Selon des témoins, de fortes explosions retentissent à intervalles réguliers. Dans l’hyper centre-ville, les vitres des immeubles se mettent à trembler, signe que les obus ne tombent plus très loin.
L’envoyé spécial de Radio France à Donetsk, Philippe Randé, relate qu'un obus a touché le toit de l’administration régionale de Donetsk, QG des séparatistes pro-russes. « Les séparatistes qui occupent ce bâtiment de onze étages depuis plusieurs mois ont décidé de l’évacuer par peur de nouveaux bombardements », assure-t-il pour se réfugier dans des abris souterrains. Mais c'est près de l'Université polytechnique que les bombardements ont été les plus intenses.
Les cartes rebattues ?
Jeudi dans l’après-midi, l'armée a affirmé avoir par ailleurs regagné la route menant de Lougansk à la frontière russe. Les forces gouvernementales ont repris aux insurgés le village de Novosvitlivka, permettant de « couper la dernière connexion routière entre la ville de Lougansk et d'autres territoires contrôlés par les mercenaires russes, en particulier le point-frontière de Izvaryne », assure le porte-parole militaire Andriï Lyssenko, qui déclare aussi que les forces de Kiev ont entièrement encerclé le bastion rebelle de Lougansk lui-même.
Peu de temps après que ces informations soient rendues publiques, le « ministre de la Défense » séparatiste, principal chef militaire rebelle, a donné sa démission sur le site officiel de la république populaire de Donetsk autoproclamée. Il sera remplacé par Vladimir Kononov. Igor Girkine, surnommé « Strelkov » (« le tireur »), était la figure la plus emblématique de la rébellion séparatiste pro-russe. On le disait grièvement blessé. L’homme à la fine moustache n’était plus apparu en public depuis plusieurs jours, ce qui alimentait les spéculations sur son sort.
Citoyen russe, Igor Strelkov avait reconnu avoir été jusqu’en mars 2013 officier du FSB, les services de sécurité intérieure de la Fédération de Russie. Kiev considère qu’il est agent du GRU, les services du renseignement militaire de Moscou. Il s'agit de la troisième démission en une semaine parmi les cadres de l'insurrection. Jeudi matin, c’est Valery Bolotov, chef des séparatistes de la région de Lougansk, qui avait décidé de partir, des blessures l'empêchant d'assumer ses fonctions. Et la semaine dernière, son homologue de Donetsk, Alexandre Borodaï, lui aussi citoyen russe, en avait fait de même.

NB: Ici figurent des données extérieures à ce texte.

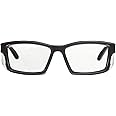 voltX 'VISION' Safety Readers, Full Lens Magnified Reading Safety Glasses (+1.5 Dioptre, Clear lens) ANSI Z87.1+ & CE EN166F - Anti fog coated UV400 lens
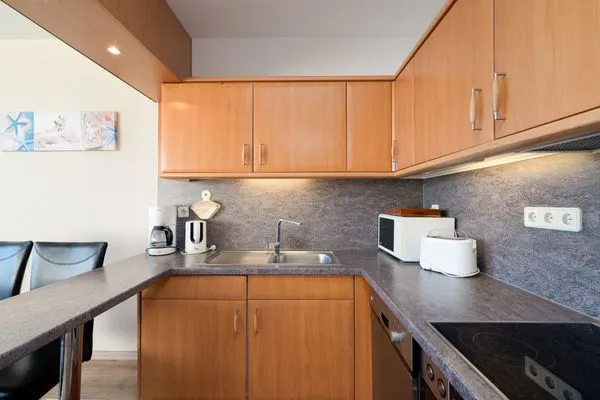 Küche / Küchenzeile Ferienpark Sierksdorf App.295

Aide humanitaire : la guerre des convois
L'accélération des opérations ukrainiennes, qui semble donc porter un coup violent au front séparatiste, survient au moment où un controversé convoi de 300 camions russes, de nature humanitaire selon Moscou, s’approche de la frontière ukrainienne dans la région de Rostov-sur-le-Don. Les autorités russes n’ont rien fait pour lever les craintes de Kiev, qui redoute une opération militaire déguisée. Les responsables ukrainiens ont prévenu qu'ils ne laisseraient passer le convoi qu'à condition qu'il soit inspecté par les gardes-frontières ukrainiens. Or, aux dernières nouvelles, les camions russes se dirigeaient vers un point de passage contrôlé par les rebelles.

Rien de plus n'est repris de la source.